Access Control – a 1:1 verification system where a user claims their identity (e.g., via a username, ID card, or badge) and presents their face to the system for access. These systems range from mobile device unlock to accessing a secure facility.
Real-time Screening – a 1:(N+1) watch-list identification system that analyzes a camera feed or streaming video to compare each detected facial identity against a gallery watchlist. While real-time screening shares similarities to identity deduplication, it is typically performed on much smaller galleries, and receives streaming video as an input data.
Perpetual license – a grant to use software in a specified manner (e.g., on a specific machine, with certain usage parameters) in perpetuity (forever).
Maintenance fees – fees collected on a perpetual license to provide software updates and technical support. Typically these fees are collected on an annual basis and are a percentage of the original license cost.
Random Access Memory (RAM) – volatile memory that can be rapidly read by a central processor unit (CPU). The term volatile means that the contents of the memory will be erased if power is lost, which differs from persistent storage mediums such as hard-drives. The notion of random access, or uniform read and write times, means that data can be read from any physical location in memory in roughly the same amount of time, or written to any location in memory in roughly the same amount of time.
As it pertains to face recognition, search applications generally require that the templates are stored in RAM so they can be rapidly compared against a probe template. This means there will be a latency when a search application is first initialized while the templates are read from persistent storage into RAM, and that there needs to be enough RAM bandwidth available to load all of the templates in RAM at the same time.
Persistent storage – non-volatile memory that is typically 20x to 1000x slower to read and write to than RAM, and can also have non-uniform read and write times. Examples of persistent storage include hard-drives, flash memory, cloud storage, and file servers (note that cloud storage and file servers typically are abstractions to configured hard-drives).

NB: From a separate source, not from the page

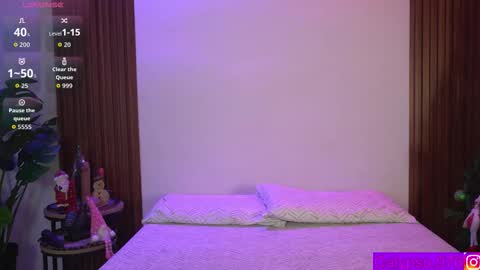 Calypso and Kayla online show from December 22, 1:09 am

As it pertains to face recognition, templates, images, and videos need to be saved on a persistent storage medium. For verification applications, as they only need to reference a single template, a template can typically be read from the persistent storage when needed (as opposed to having all templates loaded into RAM first). For search applications, the templates need to be first read from persistent storage into RAM in order to enable searching the gallery in a reasonable period of time. Finally, any template generated by a face recognition application that is not saved to a persistent storage medium will eventually be lost.
I/O bound – when an algorithm or application has to wait longer to read or write data than it does to process the data. The “I” in I/O refers to Input, and the “O” refers to Output.
Compute bound – when an algorithm or application has to wait longer to process data than it does to read or write the data.